- Born: 19 September 1933
- Died: 24 February 2024 (aged 90)
- Citizenship: Indian
- Education: University of Delhi University of Chicago
- Known for: Physicist
- Scientific career
- Fields: Physics, Plasma Physics
- Workplaces: INSA
- Thesis: Relativistic Effects on Plasma Oscillations and Two-Stream Instability (1962)
- Doctoral advisor: Subrahmanyan Chandrasekhar

= Bimla Buti =

Indian physicist (1933–2024)

Bimla Buti (19 September 1933 – 24 February 2024) was an Indian physicist who specialized in the field of plasma physics. She was the first Indian woman Physicist Fellow of Indian National Science Academy(INSA). In 1994, she was awarded INSA-Vainu Bappu Award.

== Education ==
Buti obtained a BSc (Hons) and a MSc degree in Physics from University of Delhi. She was admitted to the University of Chicago for doctoral studies. She worked under the supervision of Subrahmanyan Chandrasekhar and in 1962 she earned a PhD degree in plasma physics.

== Career ==
After earning her doctorate, Buti returned to India and took up a teaching role at Delhi University. Two years later, she went back to the US to work at Goddard Space Flight Center.

In 1968 Buti came back to India and took a job at the Indian Institute of Technology, Delhi. Vikram Sarabhai, the then Director of Physical Research Laboratory (PRL), invited Buti to join PRL, where Buti served from 1970 to 1993 as Associate Professor, Professor, Senior Professor and Dean of Faculty.

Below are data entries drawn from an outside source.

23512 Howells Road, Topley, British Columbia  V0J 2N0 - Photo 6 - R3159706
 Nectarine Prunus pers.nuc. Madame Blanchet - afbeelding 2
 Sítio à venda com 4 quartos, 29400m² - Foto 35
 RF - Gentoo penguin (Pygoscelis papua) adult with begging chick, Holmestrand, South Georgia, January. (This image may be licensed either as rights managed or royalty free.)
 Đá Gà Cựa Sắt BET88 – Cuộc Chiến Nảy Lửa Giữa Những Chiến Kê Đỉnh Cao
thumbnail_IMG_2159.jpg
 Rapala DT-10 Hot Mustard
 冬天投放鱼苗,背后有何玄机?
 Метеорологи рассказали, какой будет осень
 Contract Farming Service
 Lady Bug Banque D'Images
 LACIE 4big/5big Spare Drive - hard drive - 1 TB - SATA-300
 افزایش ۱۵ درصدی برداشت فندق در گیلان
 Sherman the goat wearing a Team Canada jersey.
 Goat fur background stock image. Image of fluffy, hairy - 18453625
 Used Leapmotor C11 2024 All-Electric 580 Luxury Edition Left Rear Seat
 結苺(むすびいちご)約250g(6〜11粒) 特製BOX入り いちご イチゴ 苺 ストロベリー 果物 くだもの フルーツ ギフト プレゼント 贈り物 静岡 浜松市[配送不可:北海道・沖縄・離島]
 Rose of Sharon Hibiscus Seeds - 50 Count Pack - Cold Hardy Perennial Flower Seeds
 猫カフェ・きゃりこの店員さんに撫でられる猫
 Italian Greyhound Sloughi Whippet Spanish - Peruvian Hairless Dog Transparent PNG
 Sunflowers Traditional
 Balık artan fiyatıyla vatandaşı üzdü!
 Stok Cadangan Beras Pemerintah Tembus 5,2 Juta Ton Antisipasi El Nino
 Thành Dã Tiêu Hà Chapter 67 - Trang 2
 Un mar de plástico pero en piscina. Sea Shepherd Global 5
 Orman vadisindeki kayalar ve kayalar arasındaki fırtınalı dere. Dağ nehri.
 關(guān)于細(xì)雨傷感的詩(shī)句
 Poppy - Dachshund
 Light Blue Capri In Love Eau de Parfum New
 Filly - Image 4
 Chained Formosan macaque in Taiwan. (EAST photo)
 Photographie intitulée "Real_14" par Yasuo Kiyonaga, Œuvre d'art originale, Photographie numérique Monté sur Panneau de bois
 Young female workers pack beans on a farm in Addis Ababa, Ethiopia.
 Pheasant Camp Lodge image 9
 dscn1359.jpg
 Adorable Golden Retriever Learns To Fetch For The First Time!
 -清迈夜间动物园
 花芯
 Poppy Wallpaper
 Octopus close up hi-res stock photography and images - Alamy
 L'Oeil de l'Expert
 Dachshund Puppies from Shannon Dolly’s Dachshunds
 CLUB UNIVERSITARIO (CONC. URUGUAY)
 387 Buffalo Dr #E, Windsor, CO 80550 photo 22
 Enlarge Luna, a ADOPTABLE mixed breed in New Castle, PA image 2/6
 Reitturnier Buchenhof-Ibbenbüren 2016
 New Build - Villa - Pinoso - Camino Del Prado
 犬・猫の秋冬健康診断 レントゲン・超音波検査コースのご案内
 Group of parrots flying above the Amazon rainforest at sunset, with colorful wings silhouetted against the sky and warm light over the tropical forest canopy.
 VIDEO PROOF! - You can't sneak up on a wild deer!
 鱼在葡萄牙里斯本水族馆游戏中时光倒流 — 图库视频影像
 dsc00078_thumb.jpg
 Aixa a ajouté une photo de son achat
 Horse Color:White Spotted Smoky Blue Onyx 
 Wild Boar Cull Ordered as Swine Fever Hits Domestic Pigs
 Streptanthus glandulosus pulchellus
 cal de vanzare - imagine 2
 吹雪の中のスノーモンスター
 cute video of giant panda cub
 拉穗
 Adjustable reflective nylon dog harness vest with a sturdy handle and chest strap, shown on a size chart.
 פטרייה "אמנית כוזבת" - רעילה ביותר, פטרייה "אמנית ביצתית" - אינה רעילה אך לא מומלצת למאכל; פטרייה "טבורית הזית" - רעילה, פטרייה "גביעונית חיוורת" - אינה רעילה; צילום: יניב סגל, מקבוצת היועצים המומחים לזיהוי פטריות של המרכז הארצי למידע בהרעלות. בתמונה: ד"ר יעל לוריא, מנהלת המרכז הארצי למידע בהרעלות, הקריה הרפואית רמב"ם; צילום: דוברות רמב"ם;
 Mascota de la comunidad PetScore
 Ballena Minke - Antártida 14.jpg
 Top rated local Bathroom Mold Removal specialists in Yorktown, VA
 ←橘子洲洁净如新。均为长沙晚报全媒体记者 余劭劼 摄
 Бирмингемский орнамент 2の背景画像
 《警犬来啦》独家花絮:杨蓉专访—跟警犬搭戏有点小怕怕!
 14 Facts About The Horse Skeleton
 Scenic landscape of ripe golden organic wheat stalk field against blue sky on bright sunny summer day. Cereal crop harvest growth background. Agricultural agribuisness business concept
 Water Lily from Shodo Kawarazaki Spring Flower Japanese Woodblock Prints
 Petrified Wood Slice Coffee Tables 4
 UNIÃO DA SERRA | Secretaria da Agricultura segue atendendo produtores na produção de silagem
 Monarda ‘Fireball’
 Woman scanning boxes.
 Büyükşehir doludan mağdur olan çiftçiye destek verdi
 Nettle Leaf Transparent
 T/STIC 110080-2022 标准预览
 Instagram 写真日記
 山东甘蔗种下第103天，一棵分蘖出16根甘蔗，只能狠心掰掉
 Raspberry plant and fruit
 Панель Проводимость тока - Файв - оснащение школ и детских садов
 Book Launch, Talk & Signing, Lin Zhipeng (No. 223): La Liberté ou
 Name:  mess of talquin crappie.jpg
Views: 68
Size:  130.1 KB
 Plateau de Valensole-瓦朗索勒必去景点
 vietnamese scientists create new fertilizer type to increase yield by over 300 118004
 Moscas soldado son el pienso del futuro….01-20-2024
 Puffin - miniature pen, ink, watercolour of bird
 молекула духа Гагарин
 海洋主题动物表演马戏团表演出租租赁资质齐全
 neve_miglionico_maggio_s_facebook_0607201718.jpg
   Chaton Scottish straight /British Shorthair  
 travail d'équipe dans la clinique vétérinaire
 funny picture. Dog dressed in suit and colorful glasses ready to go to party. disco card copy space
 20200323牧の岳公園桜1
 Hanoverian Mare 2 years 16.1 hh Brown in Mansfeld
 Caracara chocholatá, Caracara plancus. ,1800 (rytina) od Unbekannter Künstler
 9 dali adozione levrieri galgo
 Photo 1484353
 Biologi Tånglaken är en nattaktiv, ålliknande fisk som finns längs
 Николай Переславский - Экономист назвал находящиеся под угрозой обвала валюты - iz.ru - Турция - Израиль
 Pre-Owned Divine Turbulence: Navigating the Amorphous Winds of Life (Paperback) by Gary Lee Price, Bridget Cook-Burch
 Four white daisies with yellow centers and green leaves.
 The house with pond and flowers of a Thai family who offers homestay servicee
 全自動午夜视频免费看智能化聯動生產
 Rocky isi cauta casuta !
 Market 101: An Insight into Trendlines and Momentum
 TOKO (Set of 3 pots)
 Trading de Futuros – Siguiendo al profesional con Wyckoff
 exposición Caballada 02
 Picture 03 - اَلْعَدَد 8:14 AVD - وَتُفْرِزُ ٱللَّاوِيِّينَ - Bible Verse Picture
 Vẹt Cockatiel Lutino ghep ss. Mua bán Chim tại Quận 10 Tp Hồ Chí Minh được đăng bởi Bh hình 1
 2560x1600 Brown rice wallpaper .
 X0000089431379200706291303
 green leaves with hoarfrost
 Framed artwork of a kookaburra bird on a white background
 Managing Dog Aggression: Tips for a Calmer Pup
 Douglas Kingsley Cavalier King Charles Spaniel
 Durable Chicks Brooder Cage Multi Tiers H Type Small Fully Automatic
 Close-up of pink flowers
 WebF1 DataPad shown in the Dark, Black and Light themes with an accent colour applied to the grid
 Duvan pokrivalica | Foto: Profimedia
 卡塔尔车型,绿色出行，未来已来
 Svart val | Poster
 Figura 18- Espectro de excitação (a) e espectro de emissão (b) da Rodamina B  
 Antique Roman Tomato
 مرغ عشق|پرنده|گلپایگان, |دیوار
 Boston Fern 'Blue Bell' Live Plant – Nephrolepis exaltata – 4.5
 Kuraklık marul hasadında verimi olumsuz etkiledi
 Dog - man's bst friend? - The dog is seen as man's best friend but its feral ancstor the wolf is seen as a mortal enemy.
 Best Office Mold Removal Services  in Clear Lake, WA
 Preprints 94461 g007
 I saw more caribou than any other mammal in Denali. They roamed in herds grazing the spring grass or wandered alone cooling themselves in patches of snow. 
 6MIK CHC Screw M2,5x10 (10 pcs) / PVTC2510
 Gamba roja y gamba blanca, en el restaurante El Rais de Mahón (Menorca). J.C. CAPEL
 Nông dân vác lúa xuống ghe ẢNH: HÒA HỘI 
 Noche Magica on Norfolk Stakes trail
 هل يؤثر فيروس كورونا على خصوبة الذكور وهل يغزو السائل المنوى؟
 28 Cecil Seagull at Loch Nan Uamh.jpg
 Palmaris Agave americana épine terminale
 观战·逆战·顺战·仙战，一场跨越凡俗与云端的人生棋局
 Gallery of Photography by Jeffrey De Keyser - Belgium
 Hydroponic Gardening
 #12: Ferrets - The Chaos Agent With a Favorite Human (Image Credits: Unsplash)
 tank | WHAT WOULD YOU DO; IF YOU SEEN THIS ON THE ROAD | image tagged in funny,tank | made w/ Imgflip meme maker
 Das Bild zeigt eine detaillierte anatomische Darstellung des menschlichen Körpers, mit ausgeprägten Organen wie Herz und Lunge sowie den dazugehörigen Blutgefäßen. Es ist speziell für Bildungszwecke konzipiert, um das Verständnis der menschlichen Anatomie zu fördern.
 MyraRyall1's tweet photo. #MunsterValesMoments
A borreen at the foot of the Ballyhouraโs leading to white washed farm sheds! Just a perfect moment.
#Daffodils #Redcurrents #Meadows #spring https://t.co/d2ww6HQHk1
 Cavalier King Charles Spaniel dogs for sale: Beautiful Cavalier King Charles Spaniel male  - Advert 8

At PRL, Buti started a new section for the experimental Plasma Physics programme. Shortly thereafter, this group was spun off as a separate institution known as Institute of Plasma Research under the aegis of the Indian Department of Atomic Energy.

Between 1985 and 2003, Buti was the Director of Plasma Physics at the International Centre for Theoretical Physics, Trieste, Italy.

Buti, in her career, published a large number of research papers and edited four books. Between 1977 and 1983, she was an Associate Editor of IEEE Transactions on Plasma Science, USA. She founded Plasma Science Society and worked there as its president between 1992 and 1993.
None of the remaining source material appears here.